━━━━━ Data listing ━━━━━

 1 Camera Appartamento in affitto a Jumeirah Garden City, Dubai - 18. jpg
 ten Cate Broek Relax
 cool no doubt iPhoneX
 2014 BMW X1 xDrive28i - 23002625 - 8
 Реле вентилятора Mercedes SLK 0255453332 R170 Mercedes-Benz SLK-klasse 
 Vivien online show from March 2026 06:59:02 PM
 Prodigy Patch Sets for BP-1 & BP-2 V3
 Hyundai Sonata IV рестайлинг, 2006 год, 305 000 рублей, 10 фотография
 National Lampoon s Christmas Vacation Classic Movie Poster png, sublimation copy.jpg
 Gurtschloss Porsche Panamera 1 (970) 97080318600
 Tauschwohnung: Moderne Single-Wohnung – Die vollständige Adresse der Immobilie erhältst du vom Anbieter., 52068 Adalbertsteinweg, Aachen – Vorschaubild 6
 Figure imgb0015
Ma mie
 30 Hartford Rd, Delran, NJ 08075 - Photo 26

━━━━━
━━━━━ Data listing ━━━━━

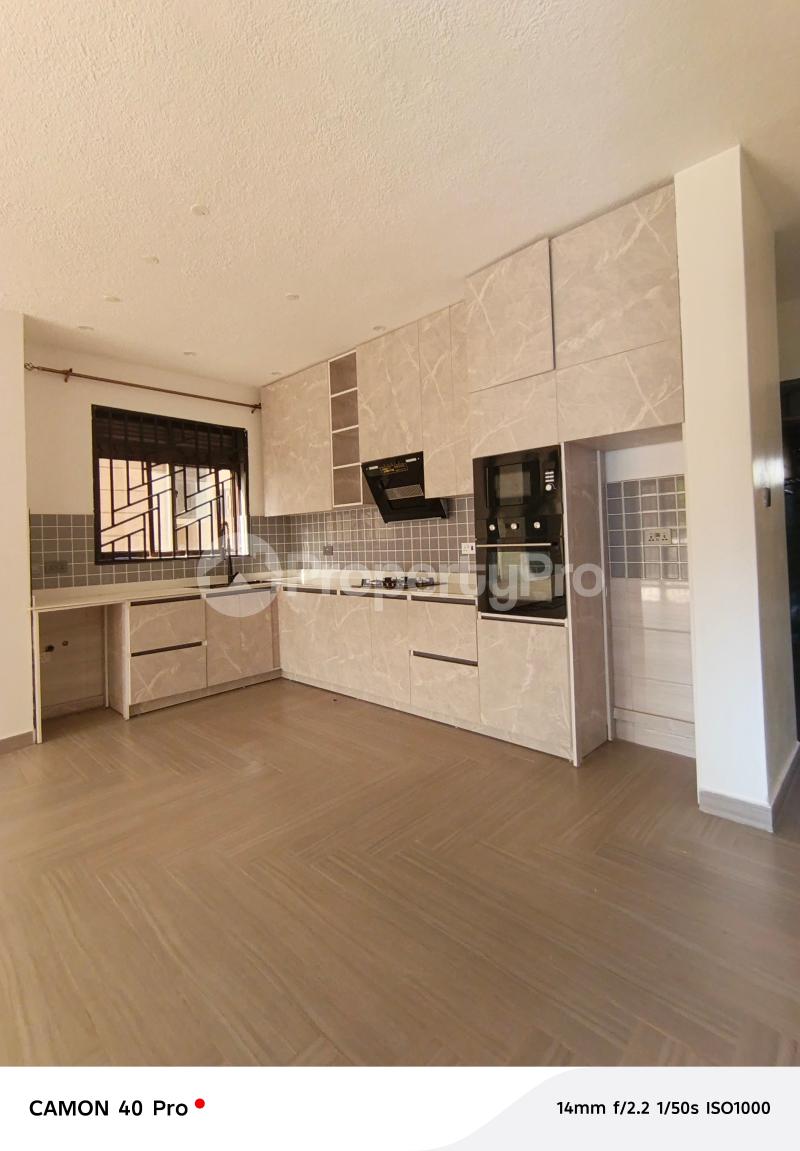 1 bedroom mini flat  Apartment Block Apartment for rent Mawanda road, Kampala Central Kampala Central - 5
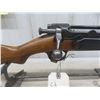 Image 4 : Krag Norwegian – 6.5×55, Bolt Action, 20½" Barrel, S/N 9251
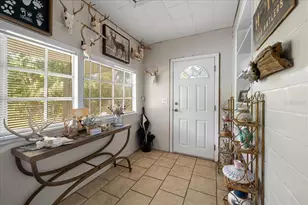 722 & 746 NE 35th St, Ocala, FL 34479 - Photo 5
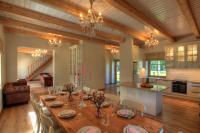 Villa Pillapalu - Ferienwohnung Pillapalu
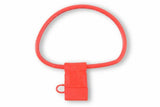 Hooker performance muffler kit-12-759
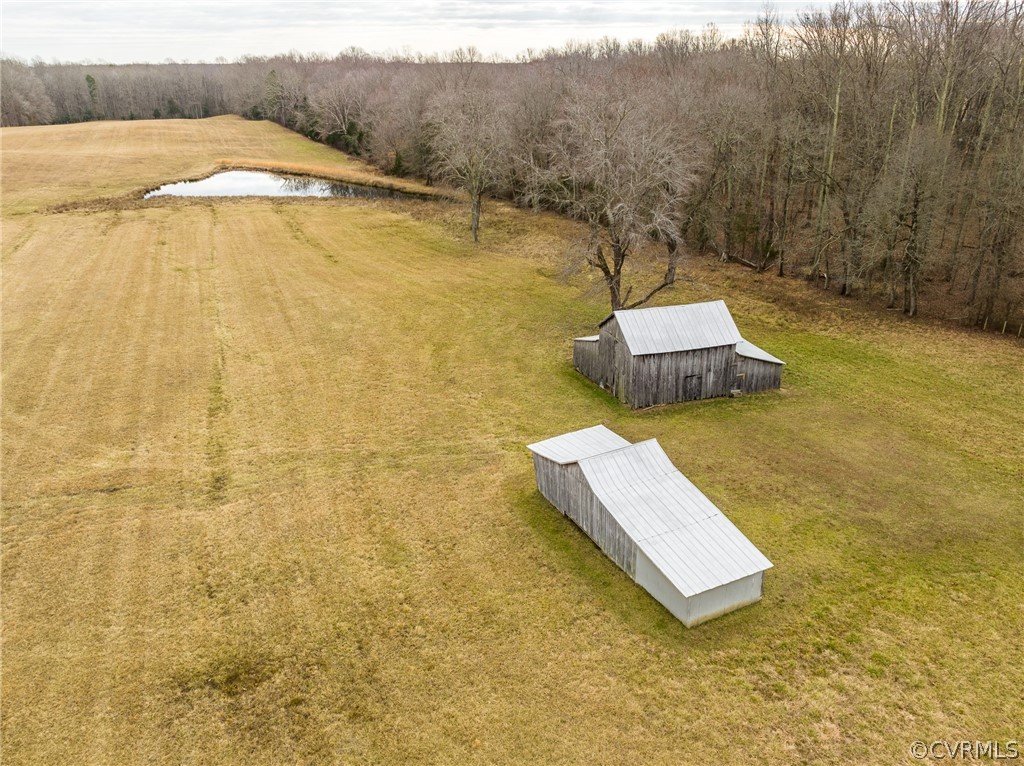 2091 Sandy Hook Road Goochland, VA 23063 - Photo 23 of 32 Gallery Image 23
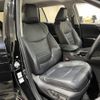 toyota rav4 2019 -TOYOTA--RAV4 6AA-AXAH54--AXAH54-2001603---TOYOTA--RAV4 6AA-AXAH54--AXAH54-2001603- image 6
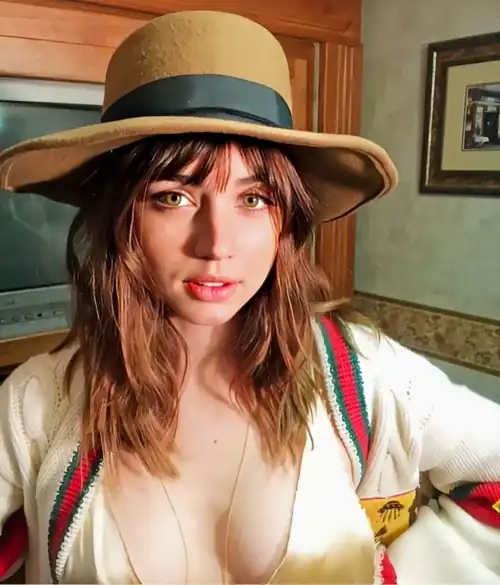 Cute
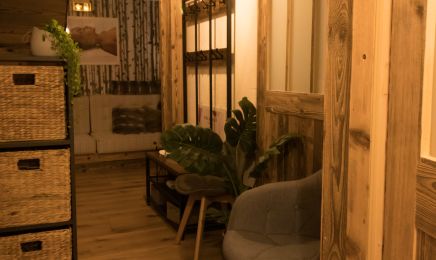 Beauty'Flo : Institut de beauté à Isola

━━━━━

Problem requirements ▸ Now transcribe the lines above exactly, starting at the line containing "Image 4 : Krag" and ending at the line containing "Beauty'Flo : Institut de beauté à Isola", both lines included, pictures excluded.

Response to this task ▸
 Image 4 : Krag Norwegian – 6.5×55, Bolt Action, 20½" Barrel, S/N 9251
 722 & 746 NE 35th St, Ocala, FL 34479 - Photo 5
 Villa Pillapalu - Ferienwohnung Pillapalu
 Hooker performance muffler kit-12-759
 2091 Sandy Hook Road Goochland, VA 23063 - Photo 23 of 32 Gallery Image 23
 toyota rav4 2019 -TOYOTA--RAV4 6AA-AXAH54--AXAH54-2001603---TOYOTA--RAV4 6AA-AXAH54--AXAH54-2001603- image 6
 Cute
 Beauty'Flo : Institut de beauté à Isola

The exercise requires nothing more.